Cars, Medicine, Electric Grids: Future hackers will hit much more than networks in an IT/OT integrated world
For the first two decades of the Internet era, operational technology (OT) in places like factories and power plants remained mostly isolated from IT systems. While the fear of cyber intrusions grew among their counterparts in IT, workers in these physical settings were far more focused on safety precautions to protect people from the machines, products, and chemicals within those spaces.

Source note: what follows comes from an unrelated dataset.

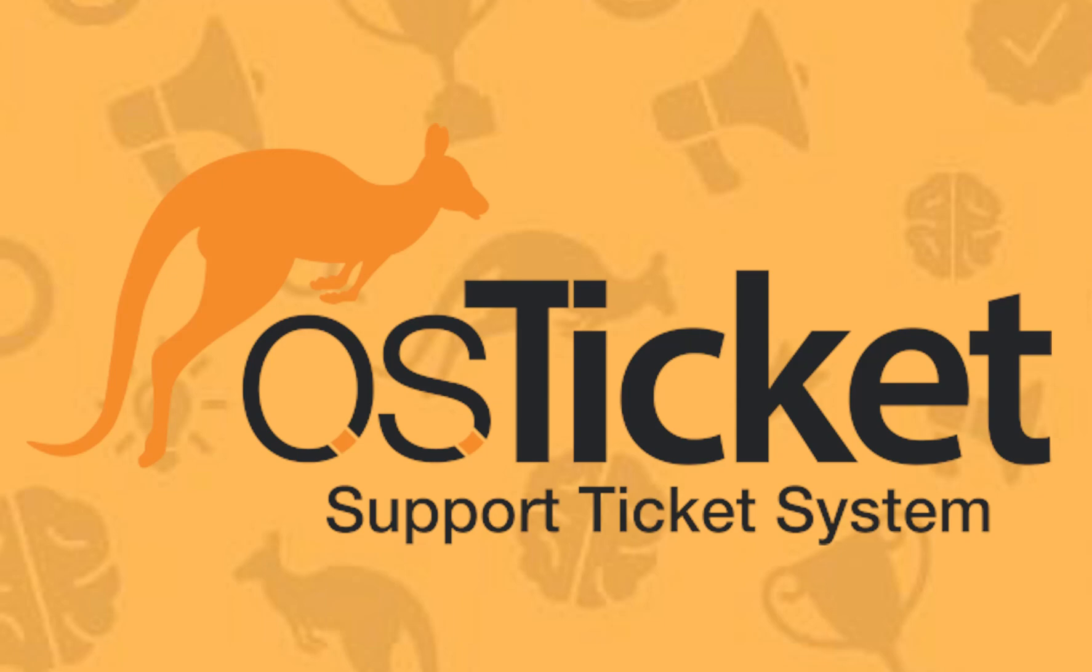Welcome back to the channel. In this video, we will be going over how agents can use advanced searches in OS Ticket to easily find tickets in the Help Desk.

But in the past decade, the business case for connecting computerized OT systems with the IT systems running the business has become so compelling that companies are rushing to create links between the two. Through these links, IT is now regularly connected to and communicating with the operational infrastructure. Leveraging technology in this way has led to full-scale digital transformation within the OT environment, improving efficiencies, automating processes, and extracting data insights. Cars today have enough software built into them that you almost forget about the steel. Pharmaceutical companies are now regularly using smart manufacturing, intelligent factories, and IIoT (Industrial Internet of Things) to create new drugs in record time. The electric grid is running with smart metering technology to identify warning signs of potential outages before the lights actually go out.
While increasing connectivity to OT systems can save an organization millions of dollars, the savings can pale in comparison to the cost of a cybersecurity breach — from brand reputation damage to the potential harm from a physical threat — as we recently saw with the US pipeline shutdown due to a ransomware attack. If such connectivity is not carefully managed, hackers who infiltrate the IT network may gain access into OT — at which point they can do everything from disrupting the operation of a specific tool or machine, to causing an explosion or poisoning a water supply. As we have seen in publicly reported cases, successful OT cyberattacks can shut businesses down for days or weeks, causing widespread impacts across an organization’s ecosystem of suppliers and customers.
The more we digitally transform and interconnect systems, the more the cybersecurity of those digital systems becomes essential to reducing physical risk. Here are some techniques organizations can use to prevent, detect, and respond to OT cyberattacks.
Preventing Attacks Against OT Systems
In an ideal world, the best defense against a cyberattack on OT is to prevent the hack from happening in the first place. For an OT environment, preventative controls include leveraging identity and access management (IAM), practicing a zero-trust architecture, utilizing a vulnerability management solution, and properly segmenting the network. All can stop an attacker at the door.